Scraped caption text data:
________________________

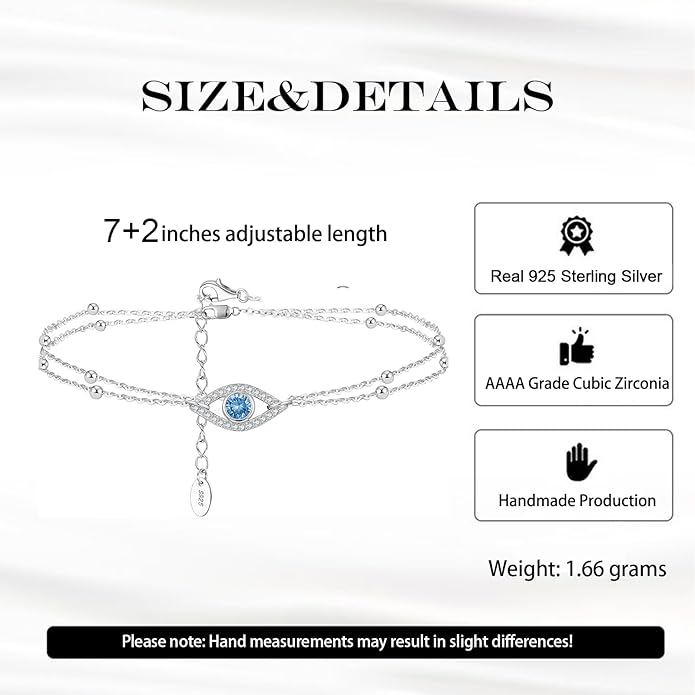 925 Sterling Silver Evil Eye Bracelets Infinity Adjustable Bracelet for Women Mother Wife Girlfriend Jewelry Gift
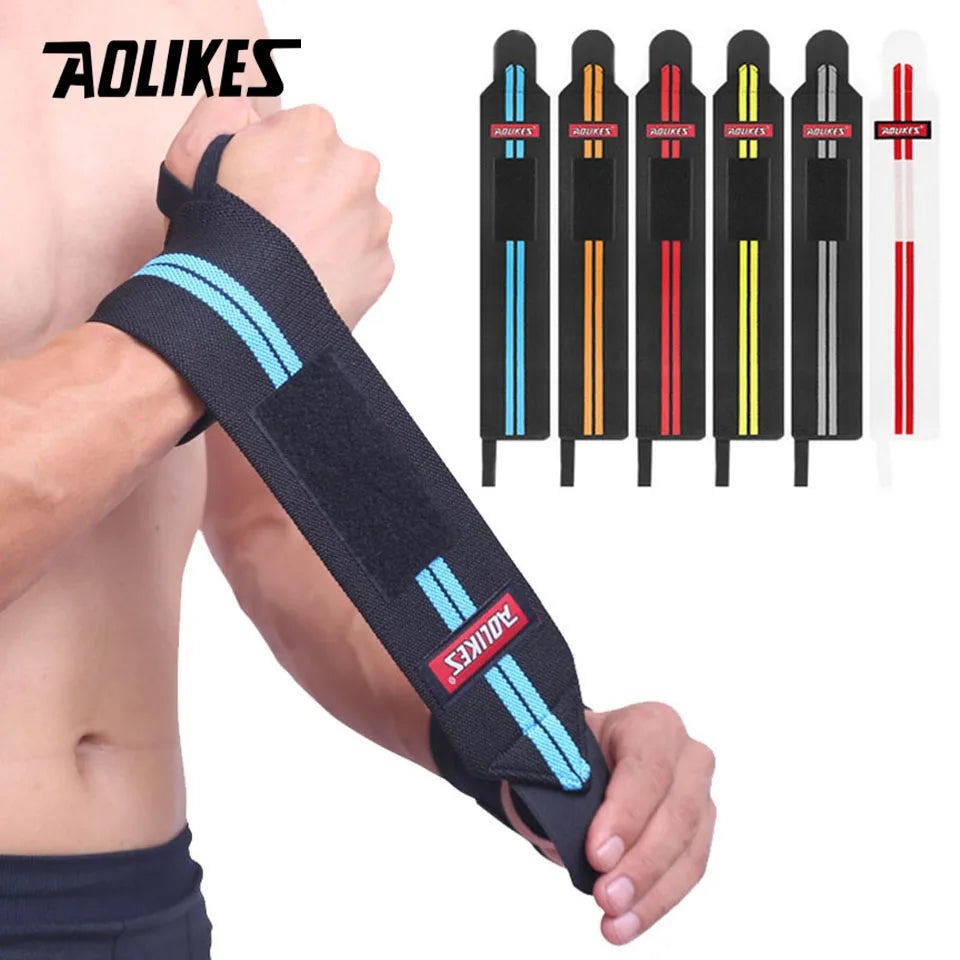 PowerLock Wrist Wraps by AOLIKES – Heavy-Duty Wrist Support with Thumb Loop for Lifting & Strength Training (1 Pair)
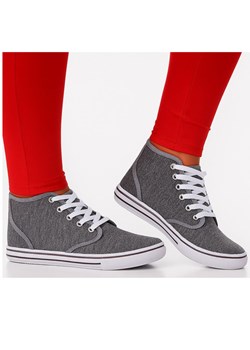 Wysokie trampki damskie szare /C6-3 13873 S097/ ze sklepu Pantofelek24.pl w kategorii Trampki damskie - zdjęcie 184853472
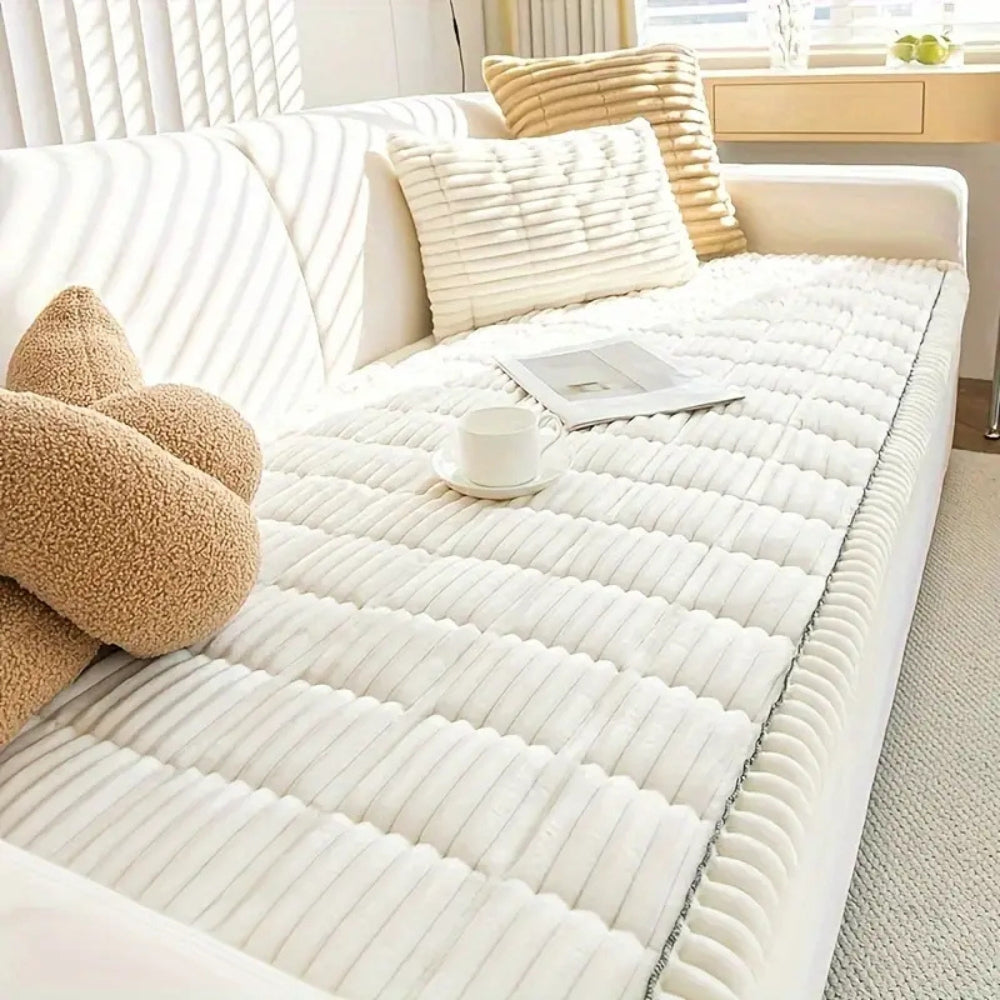 koadclo | Plush Pleated Edges Sofa Cover – Soft Stretch Couch Protector for Living Room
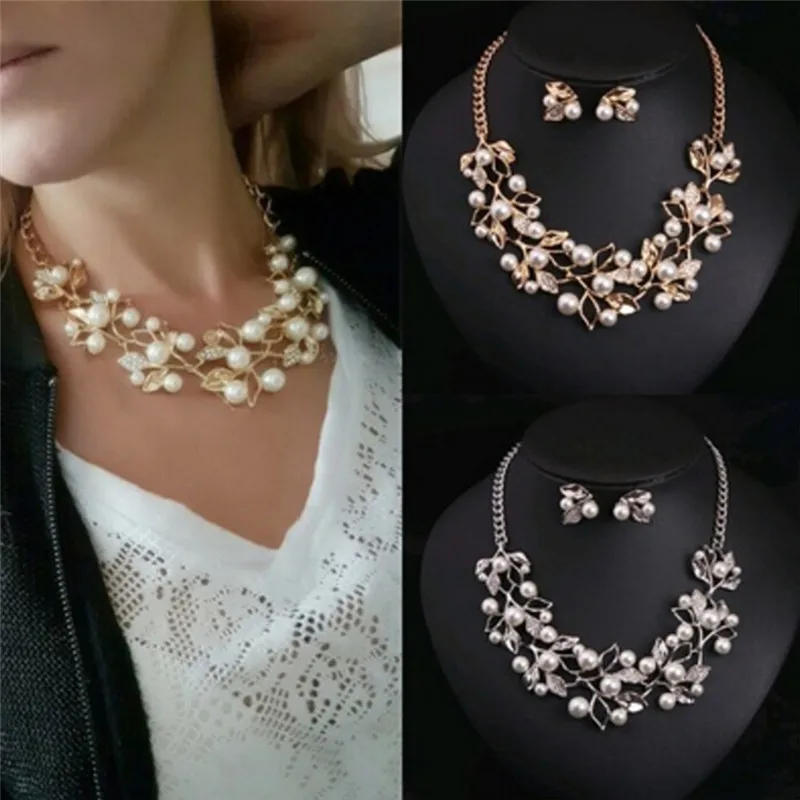 1Set Pearl Choker Necklace Bridal Jewelry Women Banquet All-match Beaded Crystal Leaf Elegant Luxury Necklace Earring Jewelry image 5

________________________

What the task requires
Write the lines above out again exactly, without any of their pictures.

Output for this exercise
 925 Sterling Silver Evil Eye Bracelets Infinity Adjustable Bracelet for Women Mother Wife Girlfriend Jewelry Gift
 PowerLock Wrist Wraps by AOLIKES – Heavy-Duty Wrist Support with Thumb Loop for Lifting & Strength Training (1 Pair)
 Wysokie trampki damskie szare /C6-3 13873 S097/ ze sklepu Pantofelek24.pl w kategorii Trampki damskie - zdjęcie 184853472
 koadclo | Plush Pleated Edges Sofa Cover – Soft Stretch Couch Protector for Living Room
 1Set Pearl Choker Necklace Bridal Jewelry Women Banquet All-match Beaded Crystal Leaf Elegant Luxury Necklace Earring Jewelry image 5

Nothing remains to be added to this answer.